Injection 攻擊 Surface Taxonomy
Comprehensive taxonomy of all known injection attack surfaces in LLM-powered applications.
Injection Transferability Research
Research on how prompt injection techniques transfer across different model families and sizes.
Multi-代理 Injection Research
Research into how injections propagate through multi-agent systems and what properties determine infection spread rates.
Novel Injection Classes
Exploring emerging injection classes that don't fit traditional taxonomies, including structural, temporal, and cross-system injection vectors.
Semantic Space Injection Research
Research into injections that operate in semantic embedding space rather than token space, exploiting learned representations directly.
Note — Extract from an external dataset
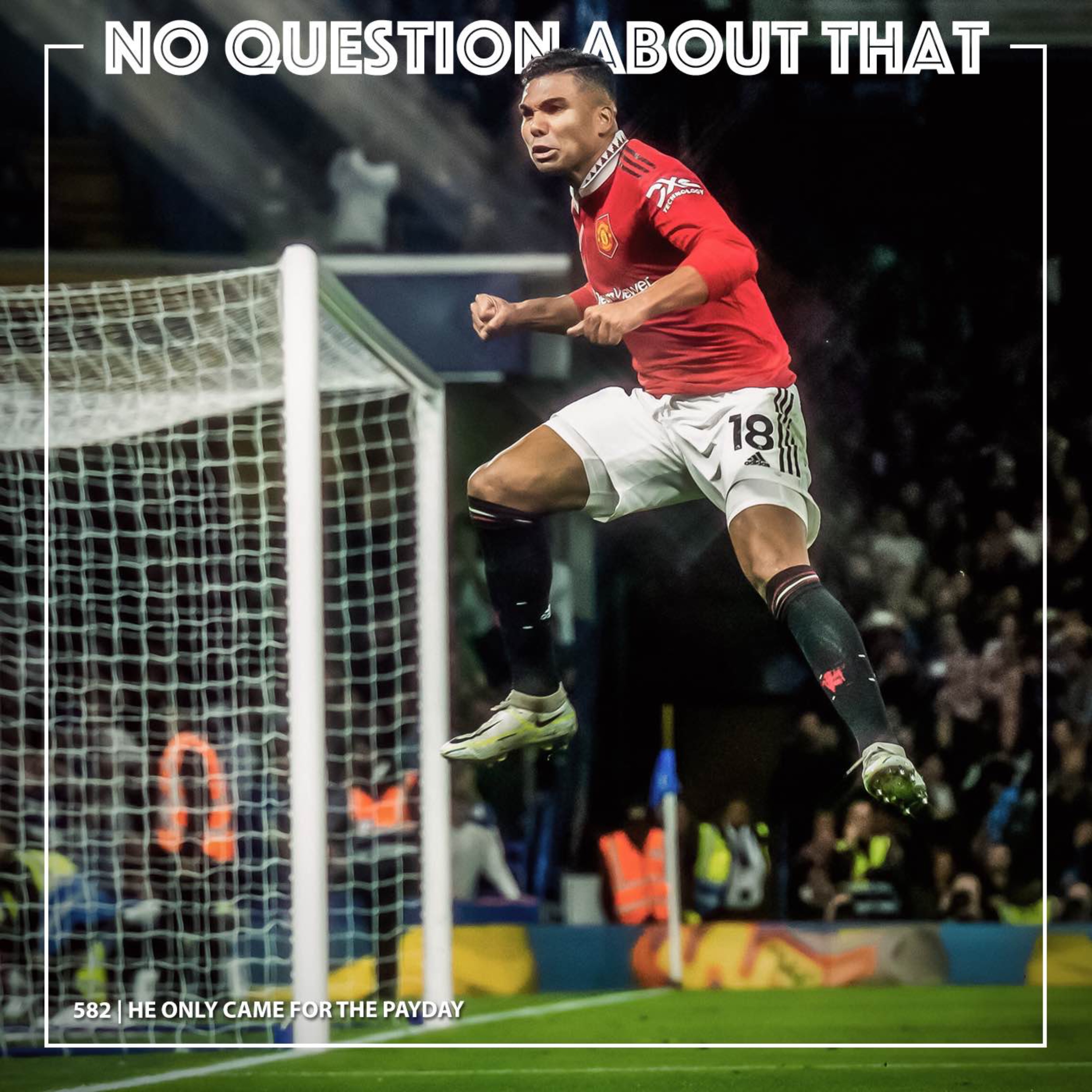 He Only Came for the Payday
Temporal Dynamics of Injection Success
Research on how injection success rates change over time with model updates and defense evolution.
實驗室: Novel 越獄 Research
Systematic methodology for discovering new jailbreak techniques against large language models. Learn to identify unexplored attack surfaces, develop novel attack vectors, and validate findings with scientific rigor.
實驗室: 漏洞 Research Methodology
Systematic methodology lab for discovering novel AI vulnerabilities including hypothesis generation, attack surface mapping, experimental design, validation protocols, and responsible disclosure.
Audio Modality 攻擊s
Comprehensive attack taxonomy for audio-enabled LLMs: adversarial audio generation, voice-based prompt injection, cross-modal split attacks, and ultrasonic perturbations.
Many-Shot 越獄ing
Power-law scaling of in-context jailbreaks: why 5 shots fail but 256 succeed, context window size as attack surface, and mitigations for long-context exploitation.
AI 紅隊的 OSINT
自公開來源蒐集關於 AI 部署的情資:文件、徵才啟事、研究論文、社群媒體與技術產物。
Full Engagement: Legal Research AI System
Full red team engagement of a legal research AI with case law access, privilege management, and citation generation.